Le gouvernement ukrainien perçoit cette église comme le satellite de l'Église orthodoxe russe. Or, l'Église orthodoxe russe et le patriarche Cyrille ont justifié la guerre d'agression contre l’Ukraine, ils ont transmis et perpétué des narratifs expliquant que les Russes et les Ukrainiens forment un seul peuple ou des narratifs anti-occidentaux. En Ukraine, quelque 60 prêtres, moines, évêques de l'Église orthodoxe ukrainienne qui ont été accusés de coopérer avec l'armée ou les institutions politiques russes dans le territoire ukrainien. Donc, (le contenu de cette proposition de loi) est une question qui a été discutée depuis le début de la Grande Guerre et je pense qu’(avec ce projet adopté en première lecture) aujourd'hui, le gouvernement essaye de prendre à bras le corps cette problématique.
Vous dites que c'est en réflexion depuis le début de la guerre. Pourquoi ce projet d’interdiction n’arrive que maintenant?
C'est une question assez délicate, comme beaucoup le comprennent, la liberté religieuse est en jeu.
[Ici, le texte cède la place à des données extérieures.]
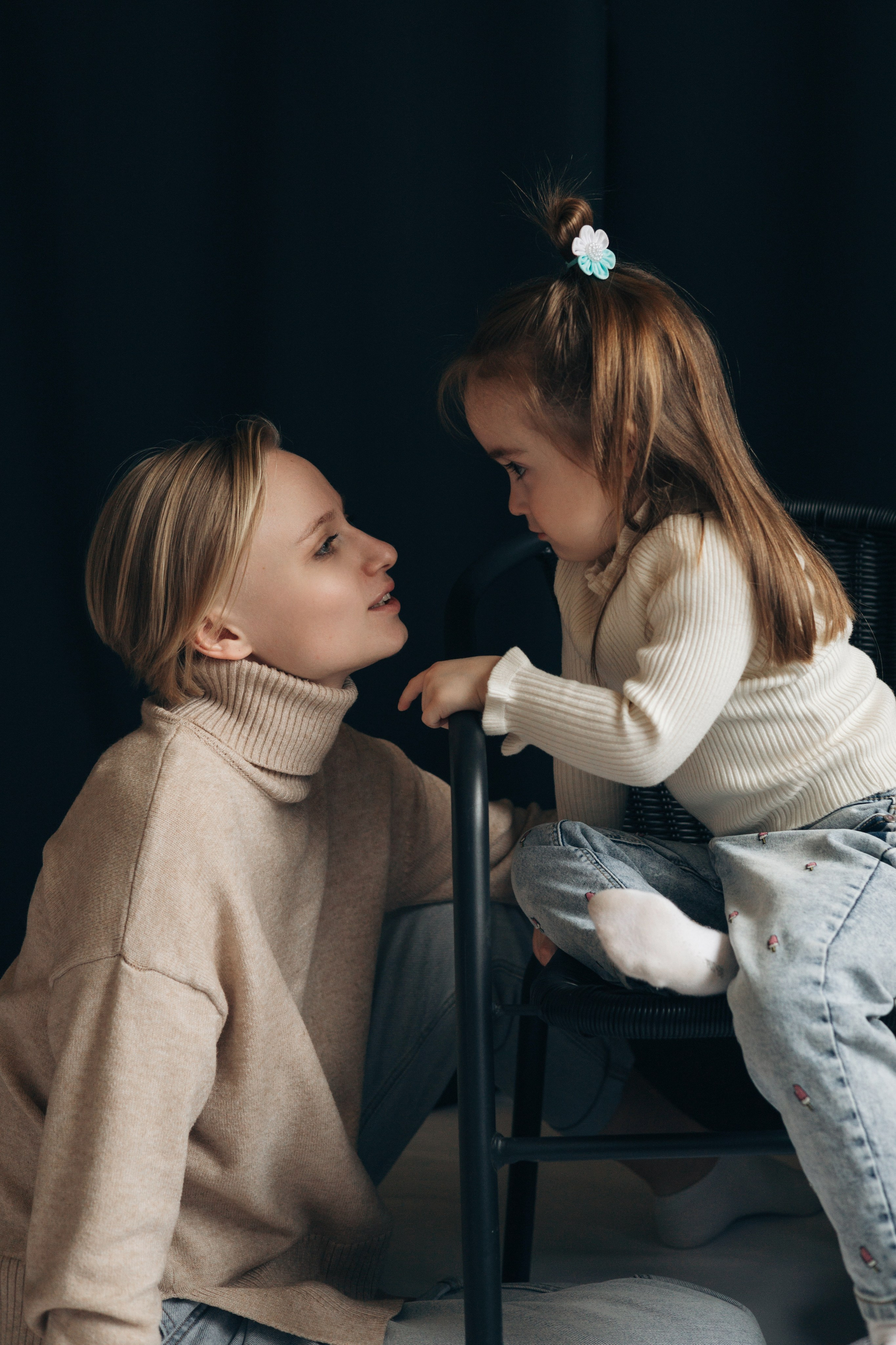 Ярослава, Наташа, Екатерина. Ваш фотограф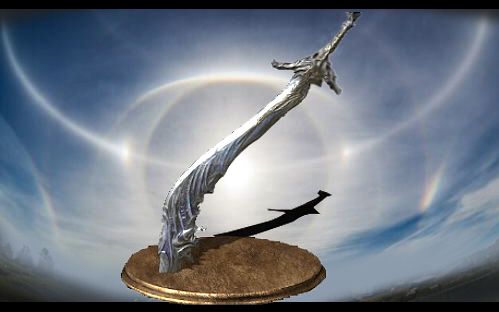 剑刃风暴仆の半规管无所畏惧pvp黑暗之魂3乱武器系列10期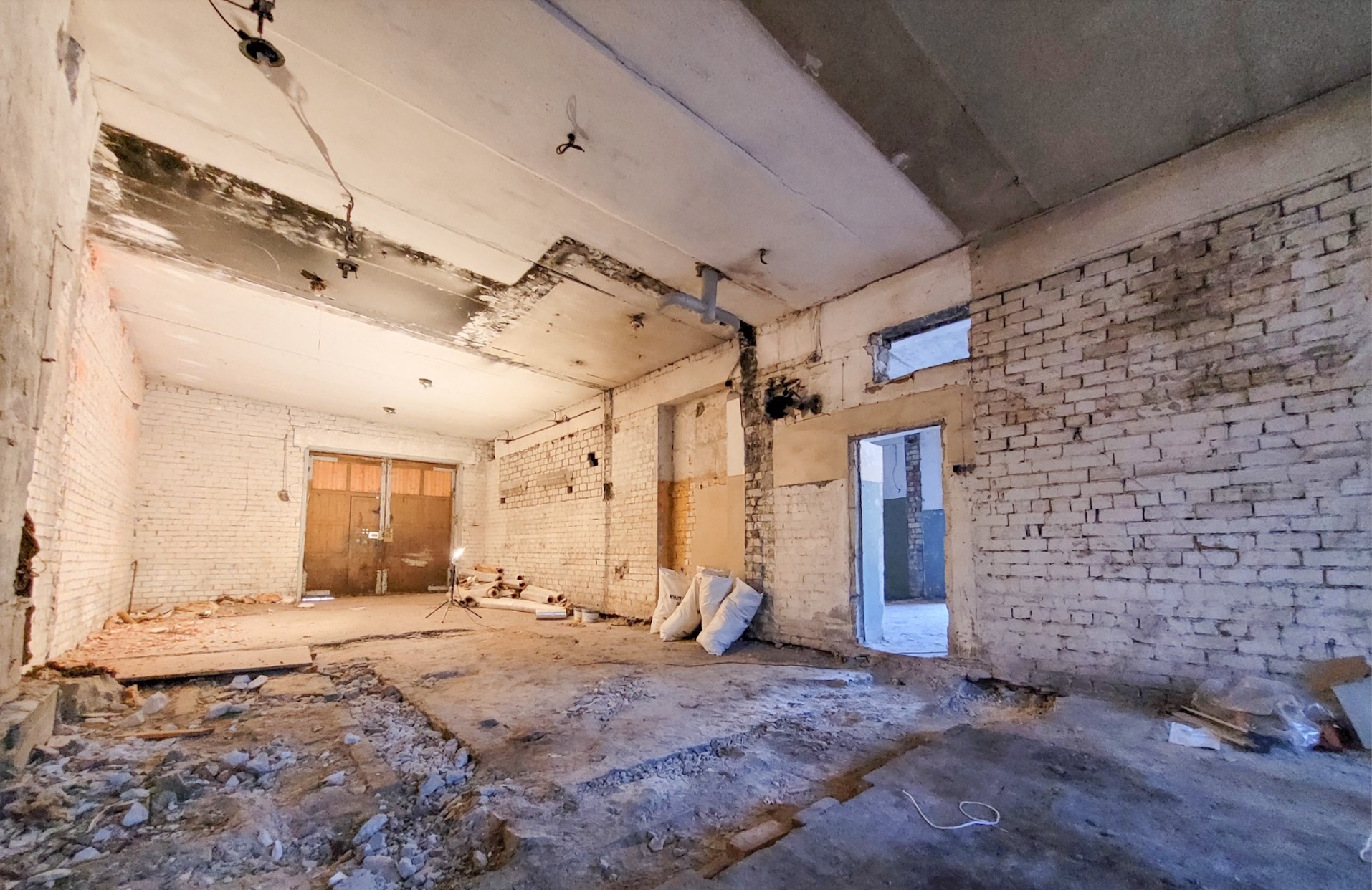Pārdod namīpašumu, Jelgavas iela - Attēls 1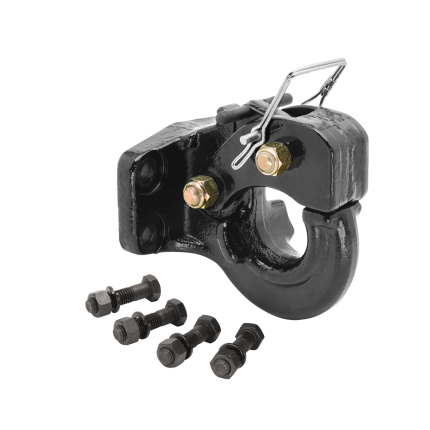 Tow Ready 63013 Pintle Hook, 10,000lbs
La loi qui a été votée aujourd'hui est le projet le plus souple de tous les projets enregistrés au Parlement ukrainien. Cette loi - si elle est adoptée en deuxième lecture et signée par le président, n'est pas une interdiction de toute l'Église ukrainienne orthodoxe. La loi dit que l'Eglise qui est gouvernée depuis la Russie ne peut pas exister en Ukraine. Il reviendra donc à l'autorité judiciaire de juger cas par cas chaque paroisse, chaque administration diocésaine, car selon la loi ukrainienne, chaque paroisse, chaque diocèse et chaque monastère est enregistré comme une organisation religieuse en soi. Donc, si on veut vraiment interdire cette Eglise orthodoxe d’Ukraine, il faudra qu'il y ait des processus sur un peu plus de 10 000 organisations religieuses.
Ce sera donc un processus long…
D’autant que l'Église orthodoxe ukrainienne dit qu'elle n'est pas gouvernée par les Russes. Il y a un peu moins de deux ans, elle a d’ailleurs proclamé propre indépendance vis-à-vis du patriarcat de Moscou. Donc ça va compliquer les choses pour l'Ukraine qui cherchera à prouver qu'elle fait partie du patriarcat de Moscou et qu’elle est gouvernée par Moscou. Des juristes disent que probablement cela prendra des années pour pouvoir mettre cette loi en pratique.
Est ce qu'on a une idée aujourd'hui de ce que représente l'Église orthodoxe ukrainienne rattachée à Moscou?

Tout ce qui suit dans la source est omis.